Vers une langue zoo-inclusive ?
Révélation: « il existe un continuum entre le traitement des corps des femmes, mais aussi des esclavagisé.e.s, des handicapé.e.s, des racisé.e.s et ceux des sols, des animaux, des végétaux. Tous.tes sont naturalisé.e.s, terrains d’expérimentation ou de conquête ». Un lecteur distrait comprendrait que les handicapés ont droit à autant de respect que les animaux et les végétaux, mais ce galimatias n’a pas vocation à faire sens. Il ne s’agit que d’une incontinence verbale consécutive à l’ivresse inclusive d’individu (point E point S) qui confondent leur nombril et leur neurone (au singulier).

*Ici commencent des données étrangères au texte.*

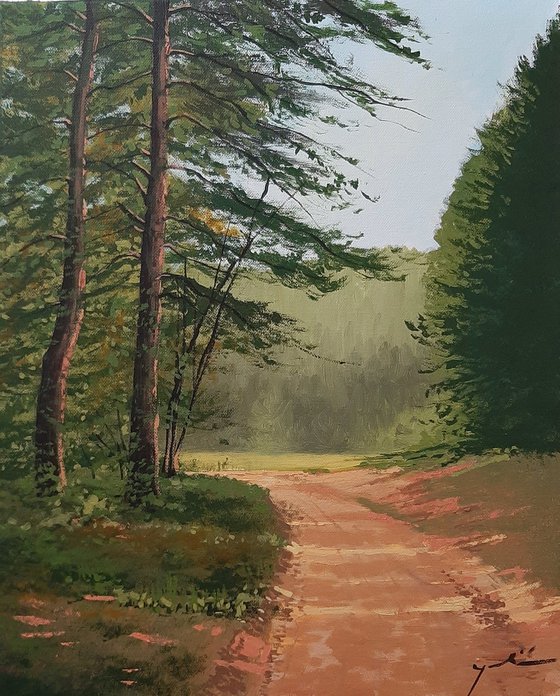 Forest road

Pour preuve, une question métaphysique: dans les verbalisations humaines adressées aux animaux domestiques « quelle place occupe le genre de l’énonciateur.rice, qu’iel soit l’humain.e s’adressant à l’animal ou l’animal dont on imagine le discours ? »
Cette sodomie coléoptérique posera les jalons d’une langue zoo-inclusive à laquelle les jargonneurs aspirent, tout en reconnaissant sa complexité: il faudra écrire systématiquement « cheval.jument » ou « poule.coq » et conjuguer au masculin fourmi, girafe et coccinelle…
– Vous êtes folle, dit le Chat à Alice.
– Comment savez-vous que je suis folle ? demanda Alice.
– Vous devez l’être, répondit le Chat, ou vous n’auriez pas lu cet argumentaire jusqu’au bout.